■ What the task asks:
Set down the data below in full and exactly, minus the pictures.

■ Raw data:
————————

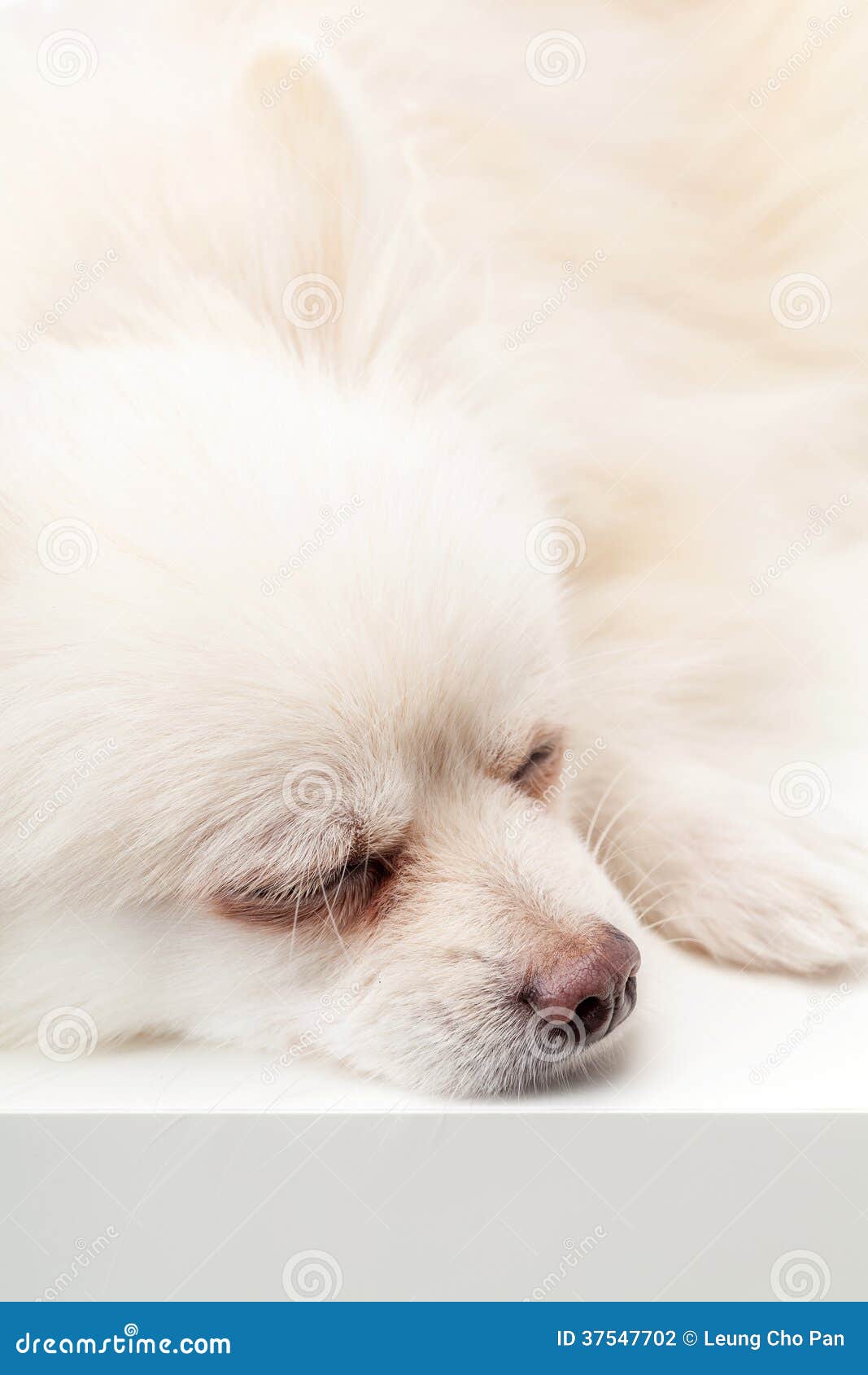 sleeping pomeranian sleeping pomeranian stock photography image 37547702 sleeping pomeranian sleeping pomeranian stock photography image 37547702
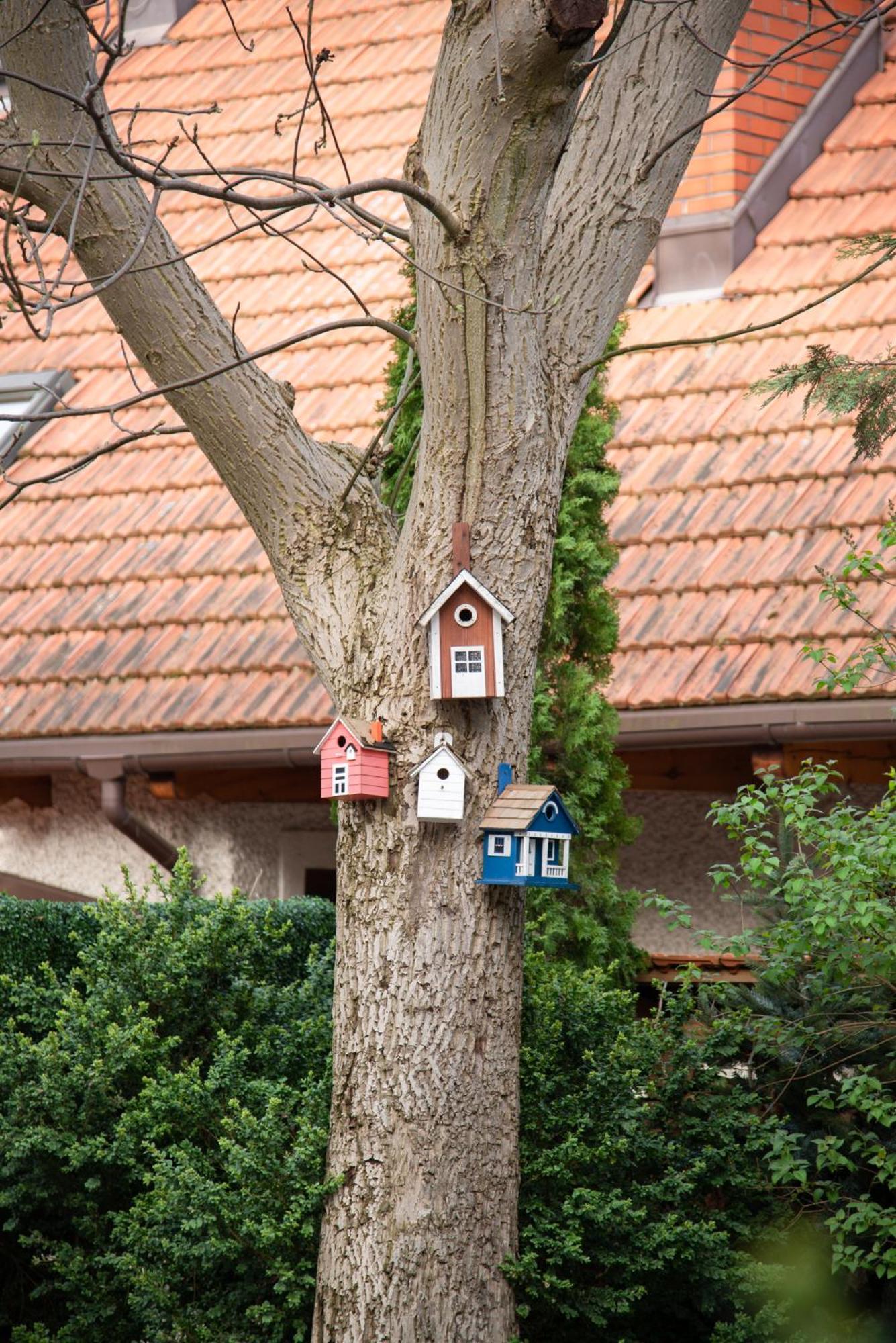 Villa Julius Sopot Esterno foto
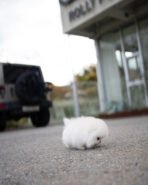 ASPEN - MALE (PURCHASED by AHMED) - Image 4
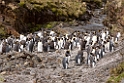 King Penguin.20081112_3691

————————

■ Solution for this exercise:
 sleeping pomeranian sleeping pomeranian stock photography image 37547702 sleeping pomeranian sleeping pomeranian stock photography image 37547702
 Villa Julius Sopot Esterno foto
 ASPEN - MALE (PURCHASED by AHMED) - Image 4
 King Penguin.20081112_3691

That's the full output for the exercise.